The following table summarizes the results on different test data sizes. Vectorized_Old is the previous implementation and Vectorized is the current one using the locals to track the beginning and the end of the data to be processed.

| Method         | TestData             | Mean        | Error     | StdDev    |
|--------------- |--------------------- |------------:|----------:|----------:|
| Simple         | aabbc(...)cbbaa [32] |   6.9342 ns | 0.1553 ns | 0.1453 ns |
| Vectorized     | aabbc(...)cbbaa [32] |   1.8011 ns | 0.0229 ns | 0.0214 ns |
| Vectorized_Old | aabbc(...)cbbaa [32] |   2.1033 ns | 0.0641 ns | 0.0535 ns |
| Simple         | aabb(...)bbaa [128]  |  42.0108 ns | 0.8729 ns | 0.8165 ns |
| Vectorized     | aabb(...)bbaa [128]  |   3.4347 ns | 0.0853 ns | 0.0798 ns |
| Vectorized_Old | aabb(...)bbaa [128]  |   9.1934 ns | 0.2127 ns | 0.2532 ns |
| Simple         | aabb(...)bbaa [2048] | 484.5524 ns | 7.0451 ns | 6.2453 ns |
| Vectorized     | aabb(...)bbaa [2048] |  50.9361 ns | 0.4600 ns | 0.4078 ns |
| Vectorized_Old | aabb(...)bbaa [2048] | 137.8273 ns | 2.7587 ns | 5.0445 ns |
| Simple         | aba                  |   0.9675 ns | 0.0540 ns | 0.0774 ns |
| Vectorized     | aba                  |   3.6606 ns | 0.0709 ns | 0.0664 ns |
| Vectorized_Old | aba                  |   3.0872 ns | 0.0454 ns | 0.0403 ns |
| Simple         | abcddcba             |   2.3735 ns | 0.0678 ns | 0.0634 ns |
| Vectorized     | abcddcba             |   5.0587 ns | 0.0767 ns | 0.0717 ns |
| Vectorized_Old | abcddcba             |   8.7217 ns | 0.2094 ns | 0.3198 ns |

The table shows that the longer the input is, the more efficient the Vectorized implementation becomes. Using the updated implementation shows some reasonable performance gains.

Palindrome of Numbers

In this post I compare three different implementations for the number palindrome problem described above. The first one is IsPalindromeSimple.

ToString

IsPalindromeSimple calls ToString(...) on the input. Then it calls the IsPalindromeSimple implementation from the previous post, to tell if the string representation of the number is a palindrome. This implementation has a disadvantage for allocating a string object on the heap.

TryFormat UTF8

The second implementation addresses the allocation problem, by leveraging TryFormat method of the ISpanFormattable interface:

public static bool IsPalindromeTryFormat(uint input)
{
    var length = CountDigits(input);
    Span<byte> buffer = stackalloc byte[length];
    var result = input.TryFormat(buffer, out _, provider: CultureInfo.InvariantCulture);
    int begin = 0;
    int end = length - 1;
    while (begin < end)
    {
        if (buffer[begin] != buffer[end])
            return false;
        begin++;
        end--;
    }
    return true;
}

This implementation first uses a helper method CountDigits which is inspired by the following source. CountDigits tells the number of base10 digits required to print the number into a string. However, instead of allocating a new object on the heap, it allocates a buffer on the stack. Then TryFormat method writes the UTF8 digits into this buffer. Finally, a while loop validates if the number in the buffer is a palindrome.
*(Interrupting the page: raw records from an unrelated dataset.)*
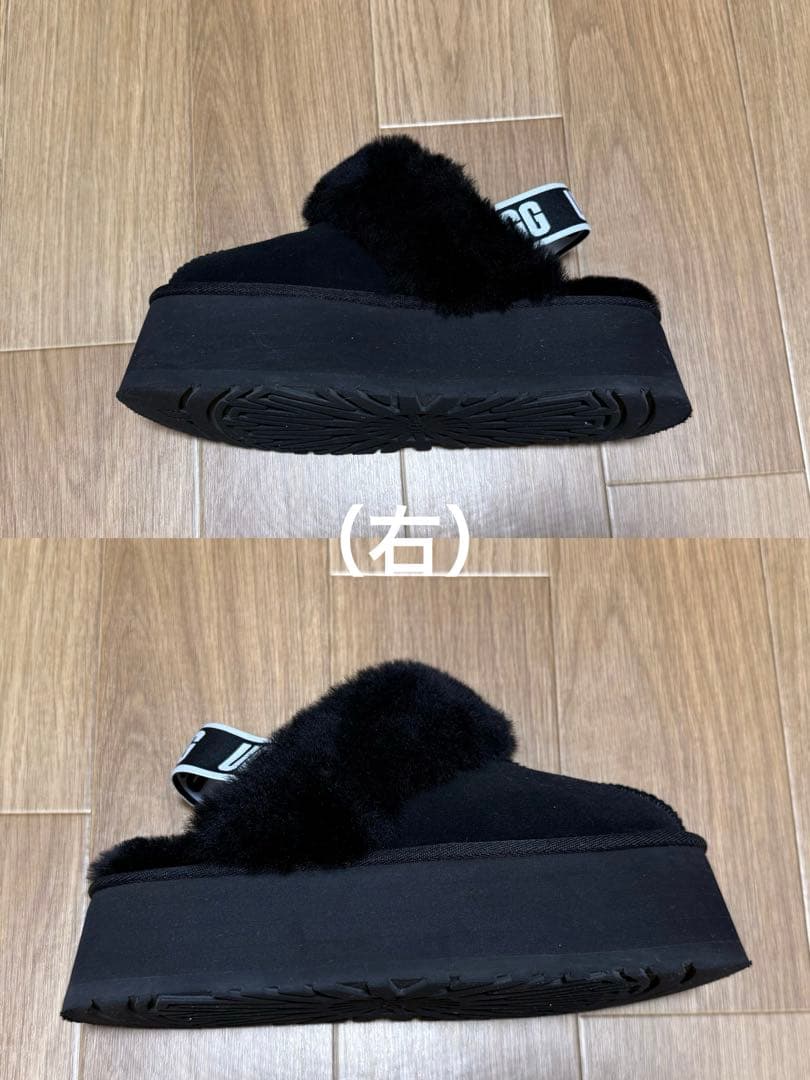 【UGG】Funkette Black 24.0cm※箱無し
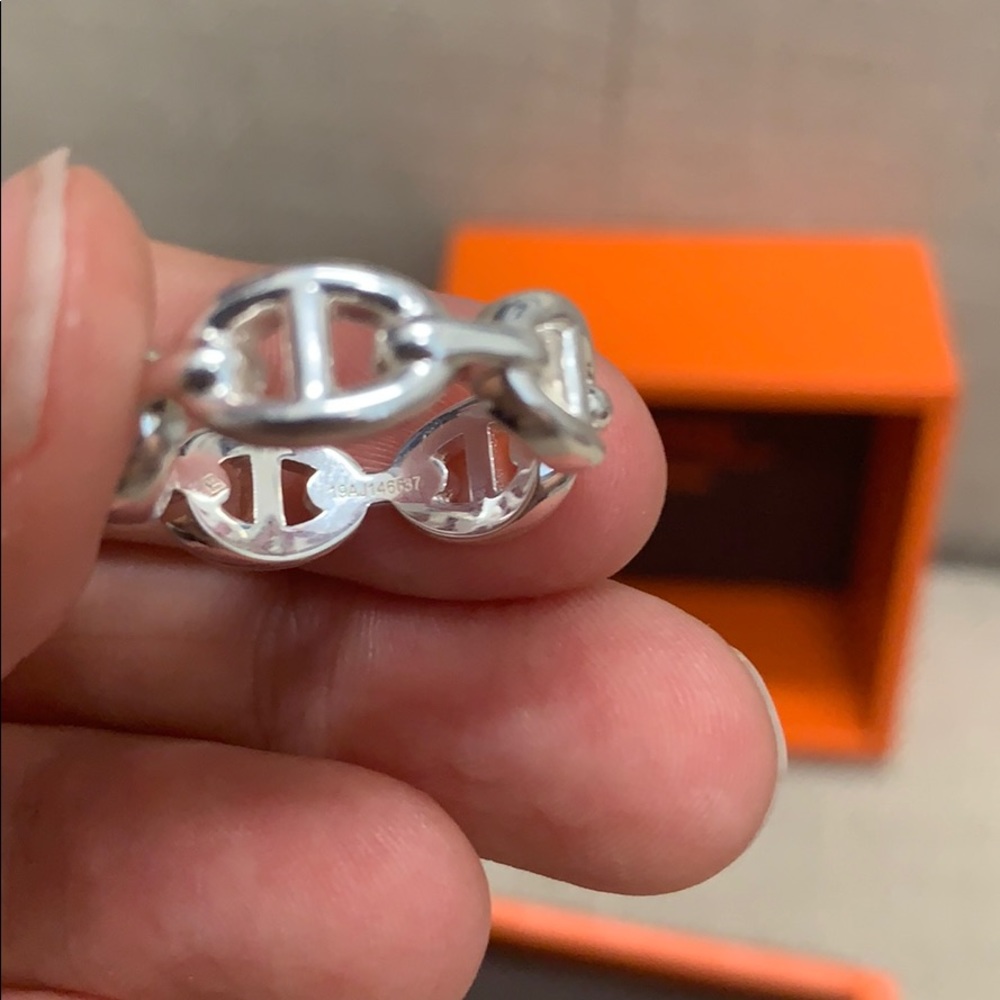 Brand New Chain D Ancre Small Silver Ring - Picture 4 of 6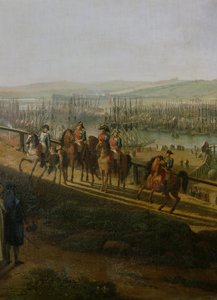Napoleon Bonaparte (1769-1821) Wizyta w obozie w Boulogne w lipcu 1804 r. Fragment Napoleona i Flotylli, 1806 r. autorstwa Jean Francois Hue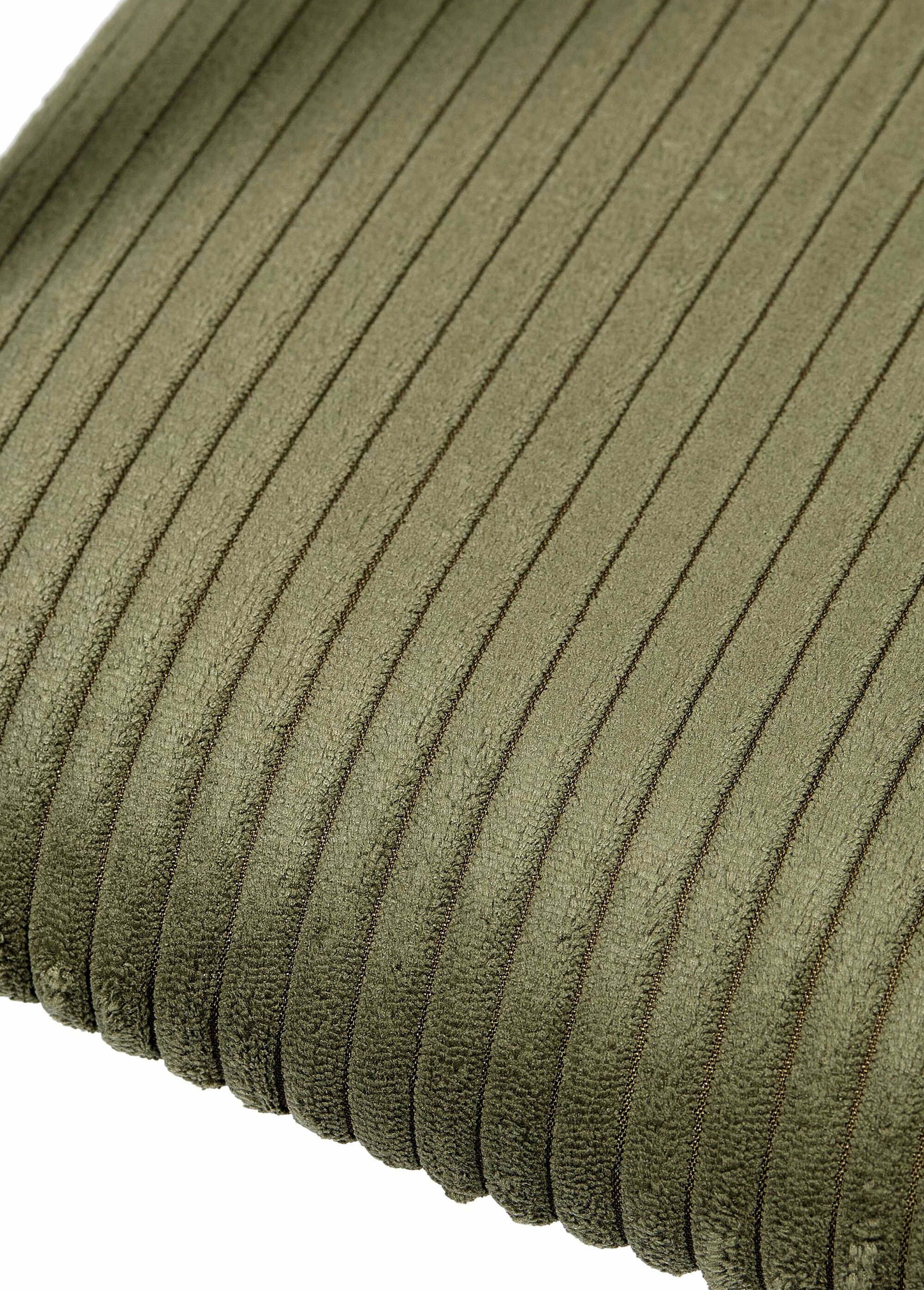 Chaise velours cotelé et pieds métal 1V VERT CMP-HD0536 DE2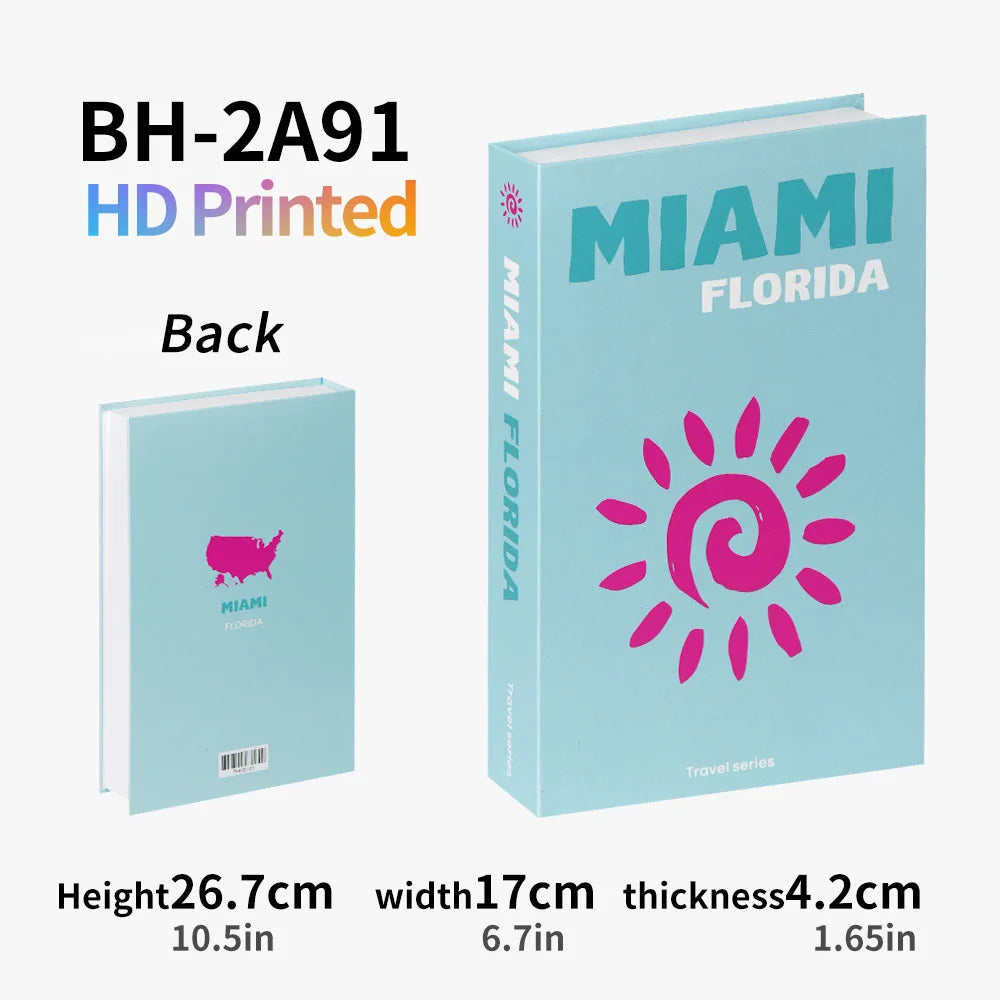 Colorful Decorative Books for Rooms Vacation Style Fake Books Decorations Coffee Table Ornaments Home Additional Decoration ﻿ ﻿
Notice, that input data type - uint - limits the input between 0 to 4,294,967,295. That means the largest representable number fits in 10 bytes, hence allocating on the stack is safe, likely it won't cause a stack overflow. It also means that using the vectorized solutions from the previous post would hardly have any benefits, as those only vectorize inputs larger to 32 bytes. It is possible to use smaller vector sizes Vector64 or Vector128, but I leave this exercise for later.

The TryFormat based solution still involves formatting the number into UTF8 bytes, which is reasonably expensive compared to the next and final solution in this post.

Division

The final solution uses a similar idea as used by the TryFormat method. It uses the DivRem method to get a quotient and a remainder by dividing the input number by 10. The remainder returns the last digit. Then it calculates a number that should be the first digit if the number is a palindrome. In the case of an input number 2332, the last digit is 2 and the quotient is 233. To compare the quotient's first digit, it multiplies 2 with 100, that gives 200. 100 is calculated by the number of remaining digits in the number.

Then the algorithm subtracts this number from the quotient: 233-200=33. When the digits match, the result number is smaller by one fold. When the digits don't match:

• ie. input of 9332, 933-200=733, which larger to 100, meaning the first digit is still there

• or input of 1332, 133-200=4294967229 in an unchecked operation, which is also larger to 100.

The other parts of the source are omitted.